With a professional cast and all new choreography and staging, Clay & Wattles’ anniversary production reflects a decade of growth and maturity for the company, bringing Broadway caliber singing and dancing to the universal story of family, tradition, love, exile and abiding faith with compassion, empathy and considerable humor.
Based on the stories of Yiddish writer Sholem Aleichem, the story is set in 1905 in Anatevka, a tiny town in the Pale of Settlement of Imperial Russia (now Ukraine), where Jews lead an increasingly tenuous existence.
Barely eking out a living, subject to the whim of the Tsar, long suffering Tevye the dairyman draws strength from his faith and the traditions that have guided his people for generations.
When his three eldest daughters dare to buck those traditions, he is forced to reconsider his place in a rapidly changing world.
Reprising his signature role, Thomas Camm is a master of subtlety, able to convey Tevye’s increasing angst with a look or a shrug.

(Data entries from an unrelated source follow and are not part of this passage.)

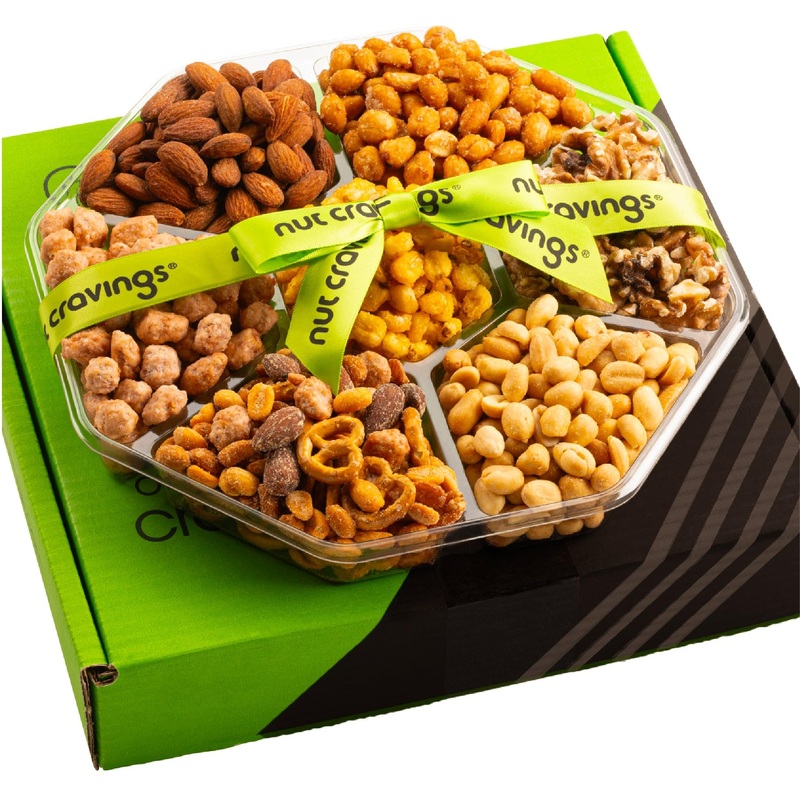 Nut Cravings Fathers Day Gourmet Dad Treats – Mixed Nuts Gift Basket + Green Ribbon Classic (7 Assortments, 1 Lb) Food Arrangeme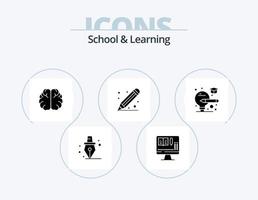 pack d'icônes de glyphe d'école et d'apprentissage 5 conception d'icônes. . lumière. hémisphère. ampoule. école vecteur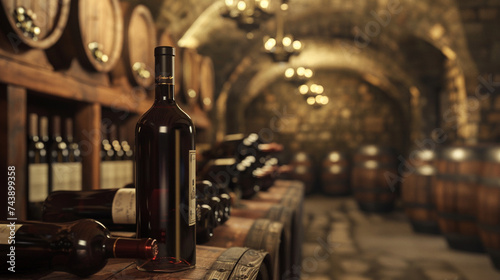 Bring to life a 3D animated scene of a luxurious backdrop background showcasing the elegance of a wine cellar with a unique twist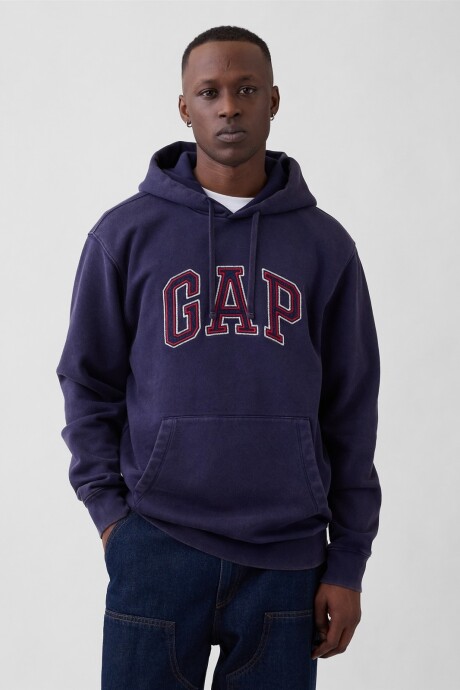 Buzo Canguro Con Logo Gap Hombre Navy Uniform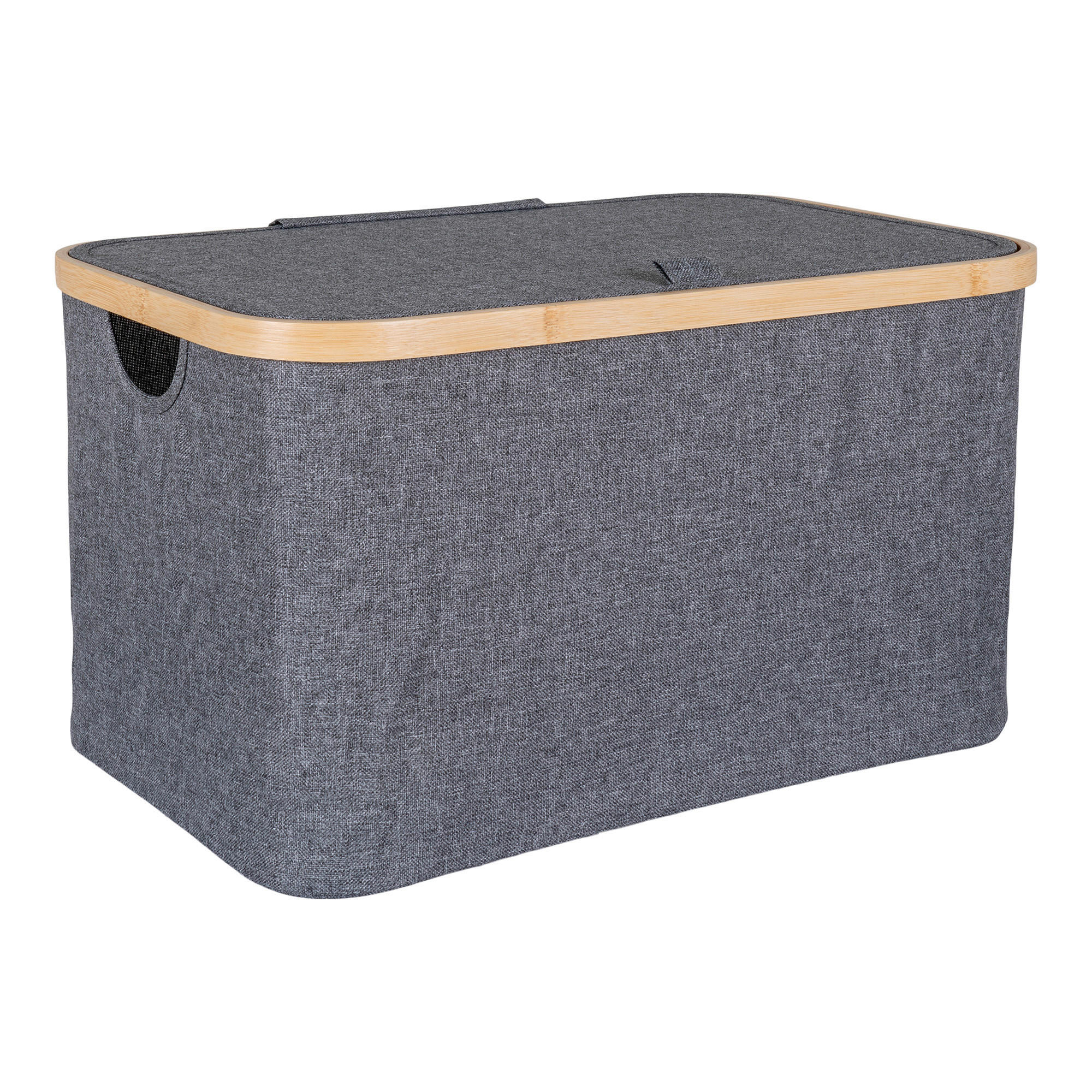 AUFBEWAHRUNGSBOX     - Dunkelgrau/Naturfarben, Basics, Holz/Textil (45/25/30cm)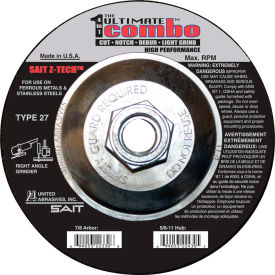 United Abrasives - Sait 22430 Depressed Center Wheel T27 Z-TECH 4-1/2
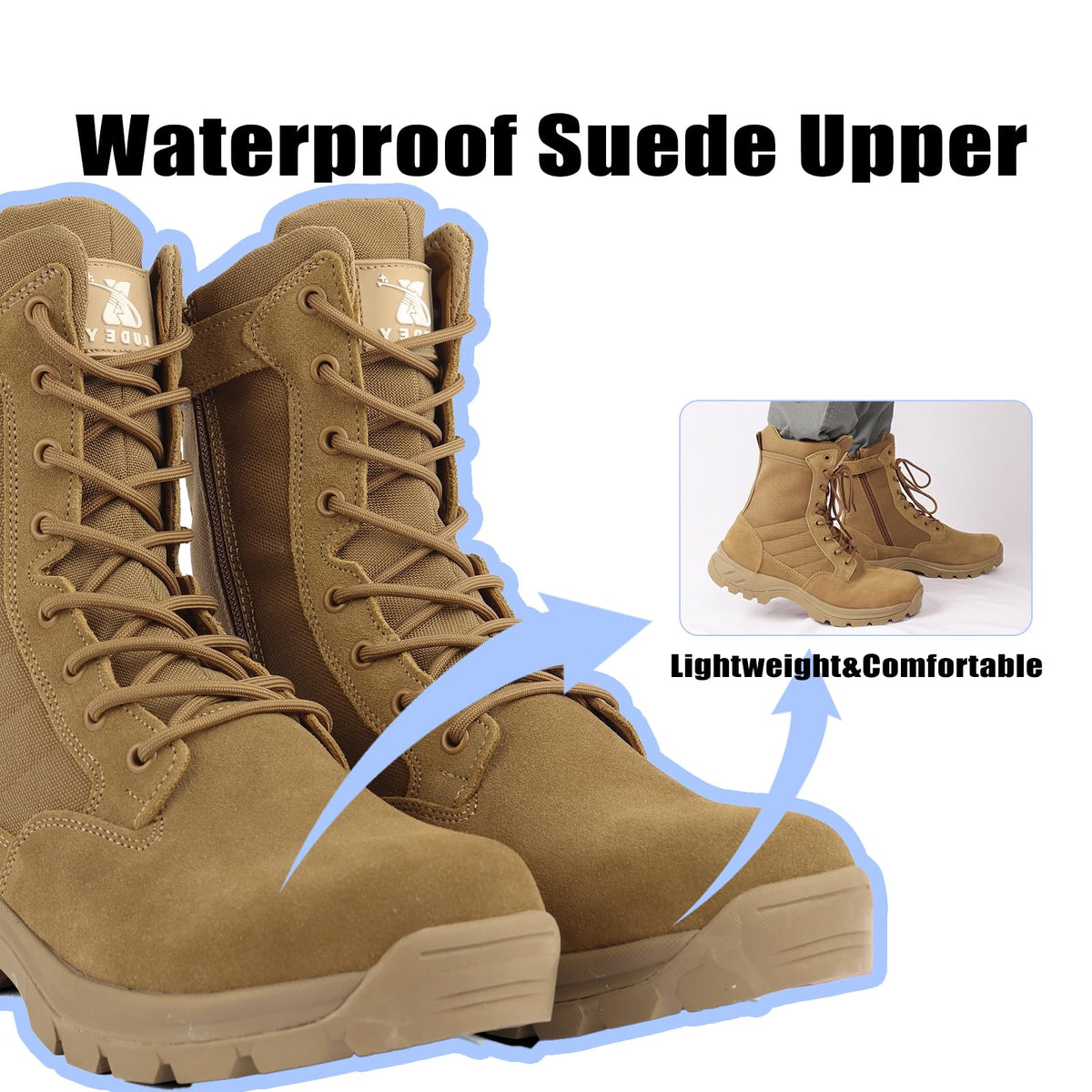Lightweight Tactical Boots with Side Zipper E5179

His duet of “Do You Love Me?” with Barbara Salant as Golde, Tevye’s wife, is among the most tender moments in the show.
Monica Brown’s solo in “Matchmaker, Matchmaker” is stunning in its clarity, but it soon becomes apparent that all three actresses as the daughters (including Adrienne Camm as Chava and Megan Corcoran as Tzeitel) are outstanding singers.
Megan Corcoran doubles as a perfectly frightful Fruma Sara, the ghost who haunts Tevye’s dream in one of the most entertaining scenes in the show.
Noah Pyzik as Motel, William Dallas as Perchik and Jay Wilkinson as Fyedka, the daughters’ respective love interests, and others in the ensemble raise the level of dancing far above what might be expected.
A ten member pit orchestra expertly delivers the familiar score.
Matt Wood’s set design evokes the turn-of-the-century village and combined with Sally Camm’s staging is particularly lovely in the Sabbath Prayer sequence.”